El maestro se sorprendió al verme y, después de mirarme con gesto distante, dijo:
—¡Vaya! Sigues en Roma, ¿eh? Pensé que habías decidido regresar a Hispania con el dinero que te quedaba. ¿Has solucionado tu problema?
—No —respondí—. No tengo nada de dinero.
—¿Y bien? Creí haberte explicado que sin dinero no podemos llegar a entendernos.
—Solo quiero tu consejo en algunos asuntos. No conozco a nadie más en Roma. Me gustaría saber qué puede hacer un joven como yo para ganarse la vida.
—Hummm… Depende de cuáles sean sus necesidades. En tu caso es difícil que puedas mantener aquí el régimen de vida que tuviste en tu ciudad. Pero dime, ¿qué has hecho hasta ahora desde que nos vimos?
—Vivo en el templo de Salus.
—¿Cómo? —exclamó extrañado—. ¡Oh, ya comprendo! Un joven de tu aspecto puede resultar ideal para un puesto así. Pero ¿estando allí tienes problemas de dinero?
—Creo que te equivocas —dije—. Aunque vivo allí, no soy el joven del templo.
—¿Conoces ya al sacerdote de Esculapio?
—No, hay una joven que se ocupa de todo.
—Bien, ya lo conocerás; creo que cuando te vea estará conforme contigo. Ahora márchate, tengo mucho que hacer. Si tu oficio te permite reunir el dinero suficiente no tendré inconveniente en admitirte.
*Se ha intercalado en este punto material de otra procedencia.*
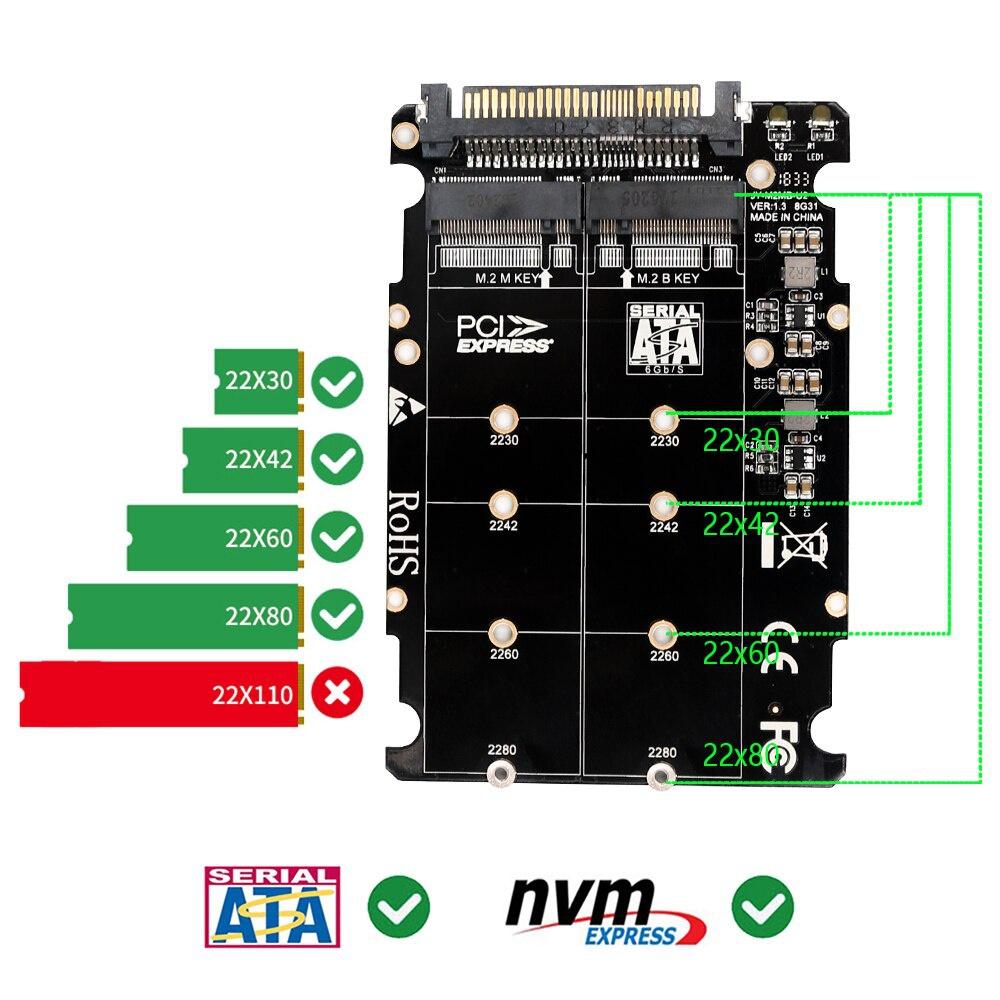 M.2 SSD To U.2 Adapter 2in1 M.2 NVMe and SATA-Bus NGFF SSD To PCI-e U.2 SFF-8639 Adapter PCIe M2 Converter for Desktop Computers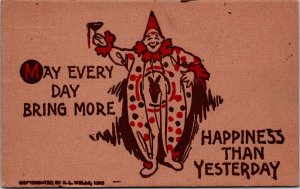 VINTAGE POSTCARD HAND-PAINTED SMILING HAPPY CLOWN COPYRIGHTED 1906 MAILED 1911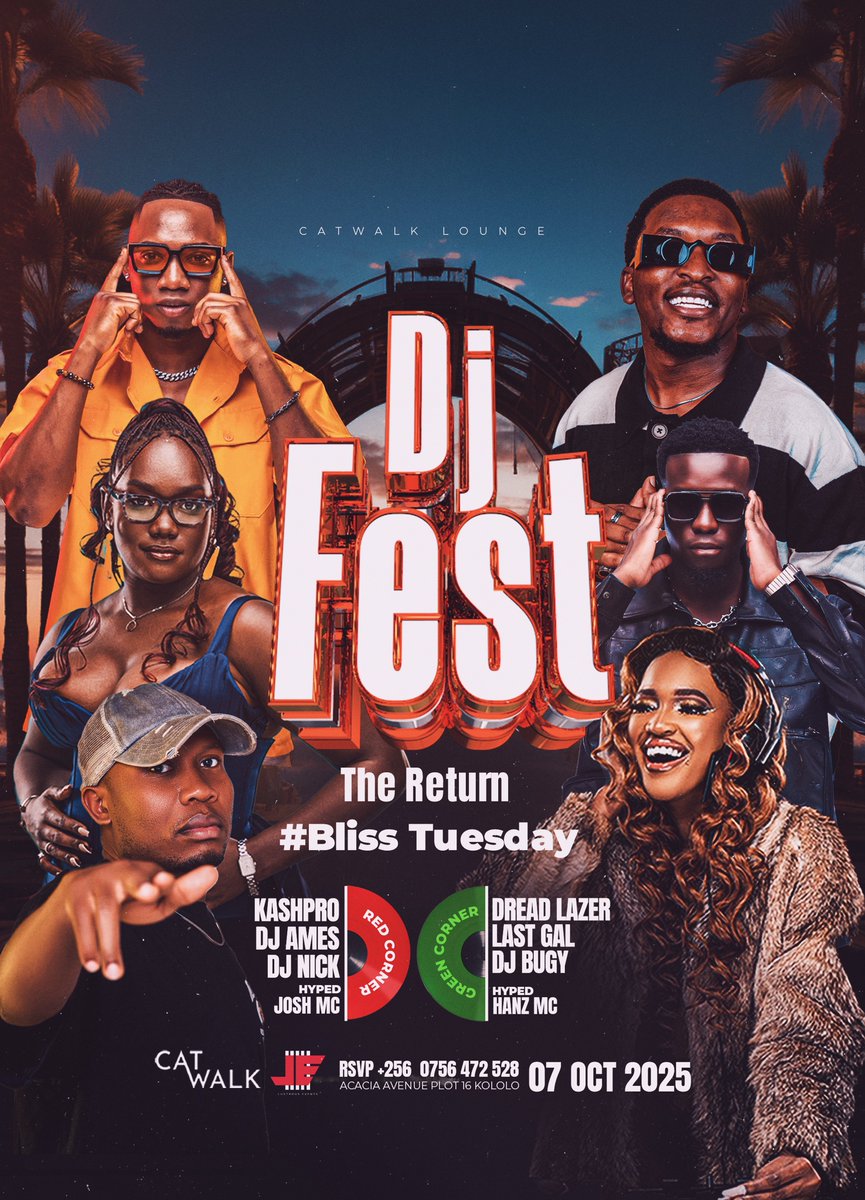 Paul256_'s tweet photo. 🚨 DJ FEST IS BACK! 🚨
This BlissTuesday – 7th Oct 2025
at @CatwalkKla Lounge, Kololo 🎧🔥
🔴 Red Corner: Kashpro | DJ Ames | DJ Nick
🟢 Green Corner: Dread Lazer | Last Gal | DJ Bugy
Don’t miss the ultimate DJ showdown!
📞 RSVP: +256 0756 472 528
#DJFest #BlissTuesdays https://t.co/GhRdQae1XR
Creí comprender de sus palabras que el oficio de servidor del templo de Salus podría ser productivo. Pero hasta ahora Salus no me había hablado de ello en ninguna ocasión. Por el camino, decidí comentarle el asunto esa misma mañana.
Cuando llegué la encontré en el jardín exterior, despidiendo a uno de los fieles. La llevé aparte y le hablé con franqueza:
—He estado en la escuela de Junio Casio, ya te dije que iría a hablar con él.
—¿Qué te ha dicho?
—Que me admitiría si consigo el dinero suficiente. Pero eso no es todo. Me ha insinuado que yo podría ocupar en el templo el lugar del joven asesinado. Es más, él ha creído que yo ya ocupaba dicho cargo.
A Salus se le iluminó el rostro. Me abrazó sin ocultar su alegría y exclamó:
—¡Ha sido el dios! Cuando te vi aquella noche, todo magullado y con la cara cubierta de sangre, supe que era un signo. Después, cuando limpié las heridas y vi tu rostro fue como si el mismo dios me hablase. Ahora mismo mandaré dar aviso al sacerdote y tú y yo iremos a verlo esta misma tarde.
El sacerdote vivía en la isla tiberina. En cuanto me conoció alabó mi belleza y se entusiasmó con la idea.
—Bien, bien —dijo—, hay muchos fieles que echan de menos la comunicación con el dios. Será bueno que tú, Salus, lo instruyas desde hoy mismo. Pero, recuerda, no quiero ningún error, ni que nadie salga descontento; ya hemos sufrido suficientes perjuicios con el anterior joven. Es muy importante la prudencia.
Así me convertí en el «joven del templo», como si aquel cargo me hubiera estado esperando. No obstante, no comprendía aquella forma de religión y no sabía todavía en qué consistiría más concretamente mi misión. Pero confiaba en Salus, que fue desde aquel día mi maestra.